Task statement
Only the text belongs in the answer: every line of the records below, transcribed exactly.

[Opening Task material section]

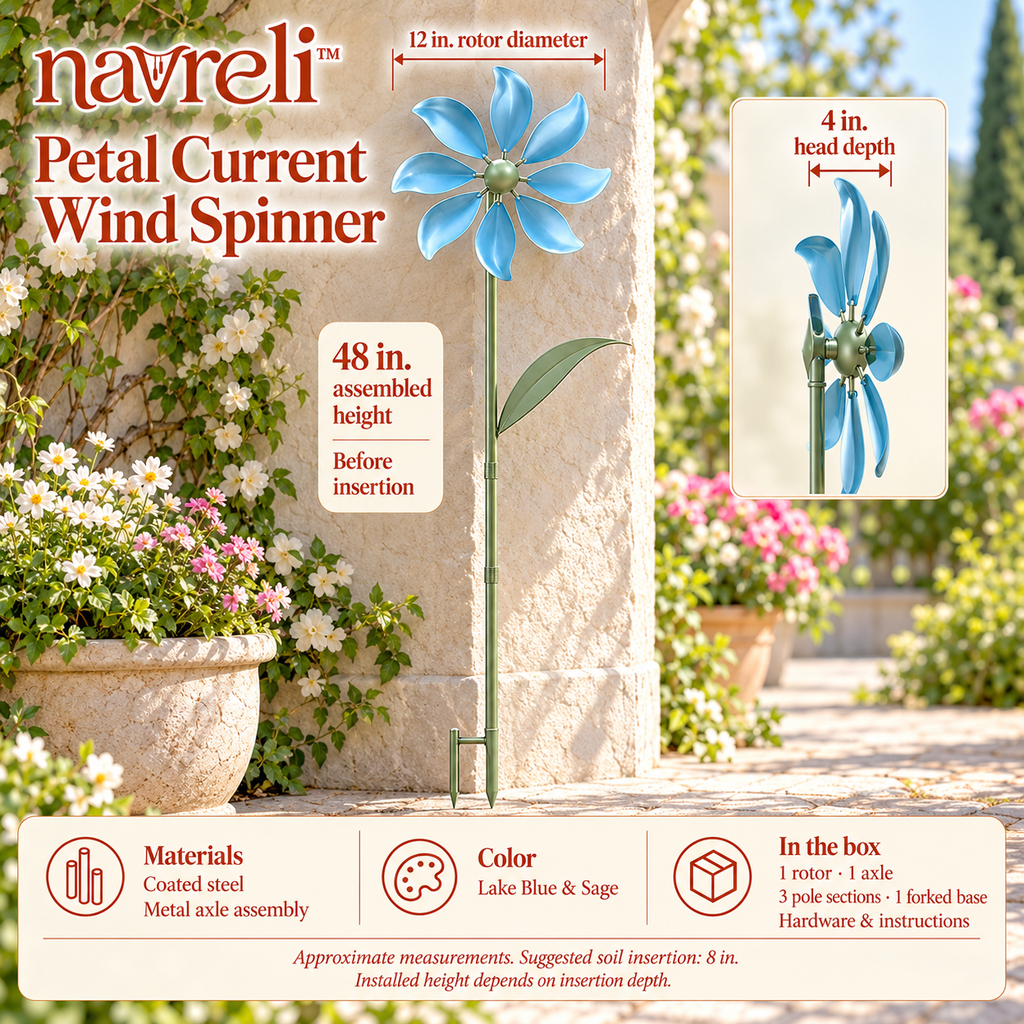 navreli™ Petal Current 48-Inch Metal Garden Wind Spinner Stake, 12-Inch Flower Yard Art for Patios & Flower Beds
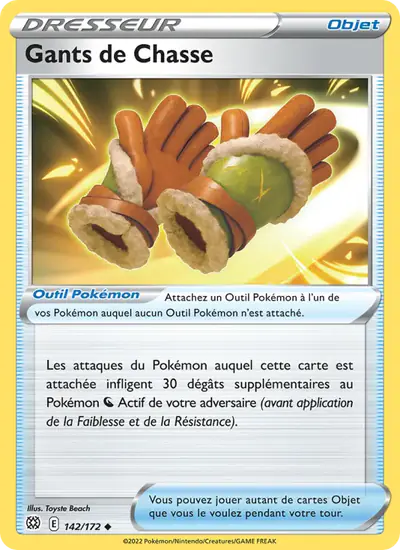 Image de la carte Pokemon Gants de Chasse 142/172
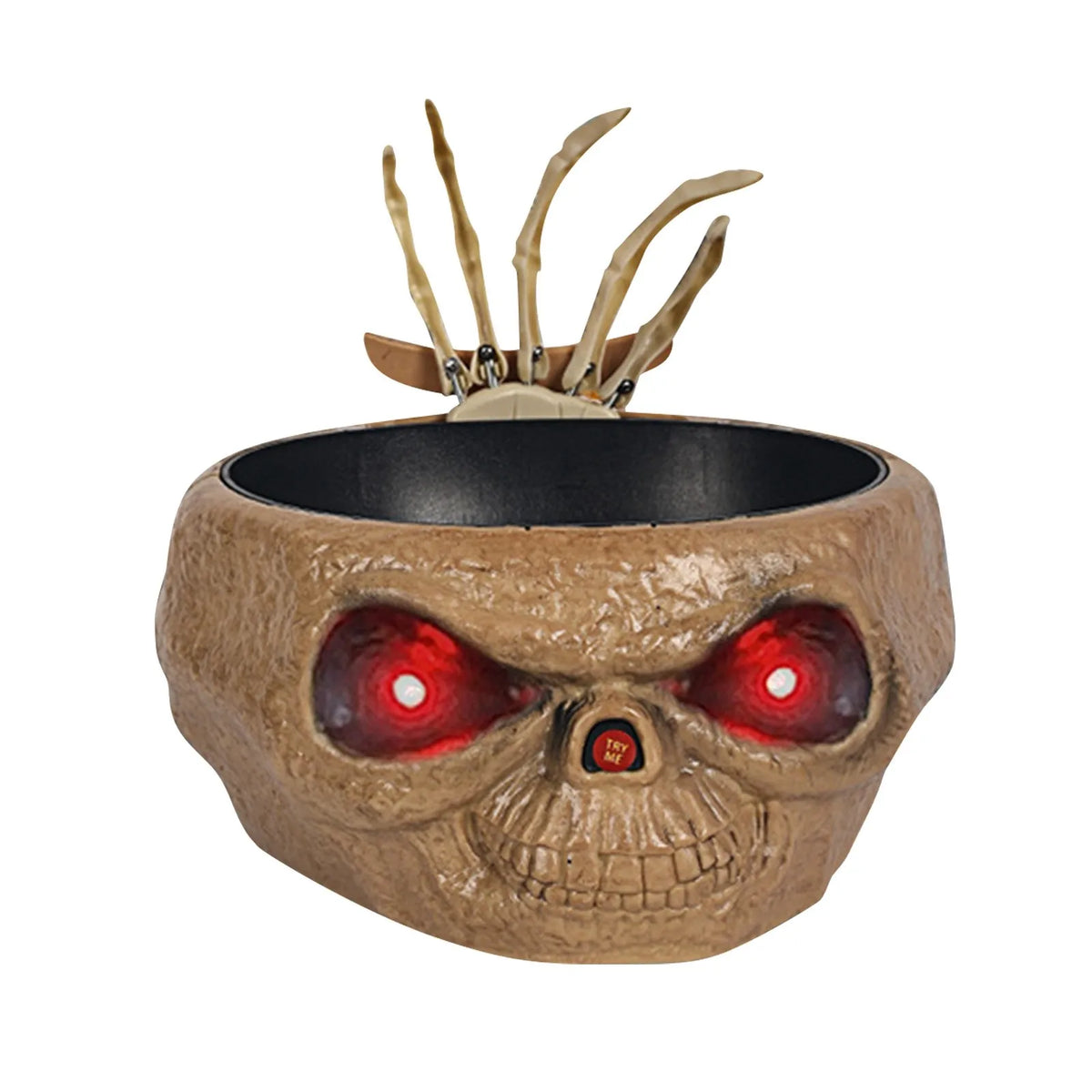 Candy Halloween Bowl Motion Sensor Prank With LED Eyes And Skeleton Hand, Halloween 2025 Party Centerpiece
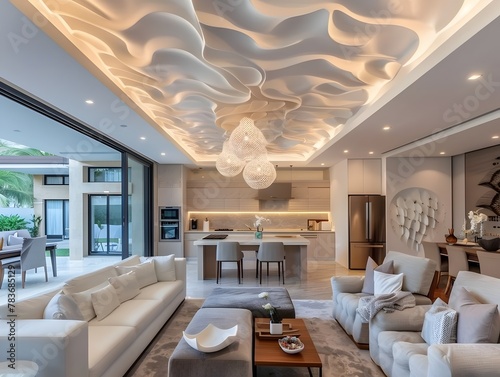Captivating Textured Ceiling Elevates the Ambiance of this Luxurious and Minimalist Modern Living Space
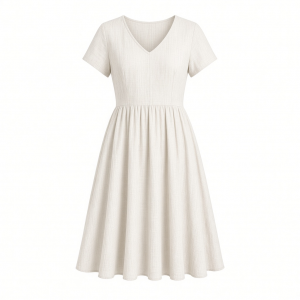 Essentials Women's Short Sleeve V-Neck Gathered Fit and Flare Dress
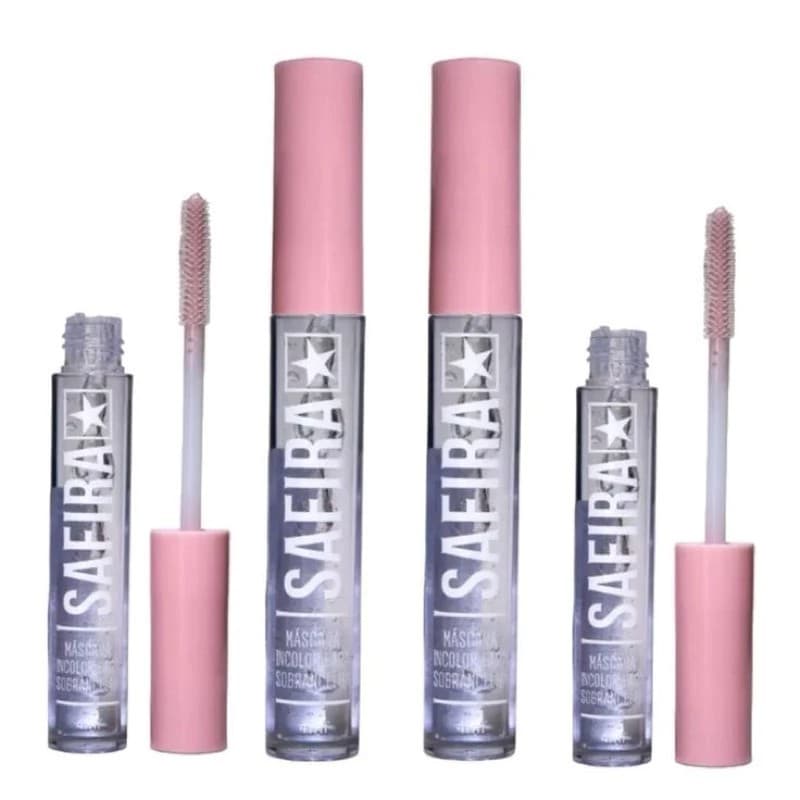 Kit 2 Gel para Sobrancelhas Safira Transparente Fixador  Máscara de Cílios Incolor Efeito Natural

[Closing Task material section]

Problem solution
 navreli™ Petal Current 48-Inch Metal Garden Wind Spinner Stake, 12-Inch Flower Yard Art for Patios & Flower Beds
 Image de la carte Pokemon Gants de Chasse 142/172
 Candy Halloween Bowl Motion Sensor Prank With LED Eyes And Skeleton Hand, Halloween 2025 Party Centerpiece
Captivating Textured Ceiling Elevates the Ambiance of this Luxurious and Minimalist Modern Living Space
 Essentials Women's Short Sleeve V-Neck Gathered Fit and Flare Dress
 Kit 2 Gel para Sobrancelhas Safira Transparente Fixador  Máscara de Cílios Incolor Efeito Natural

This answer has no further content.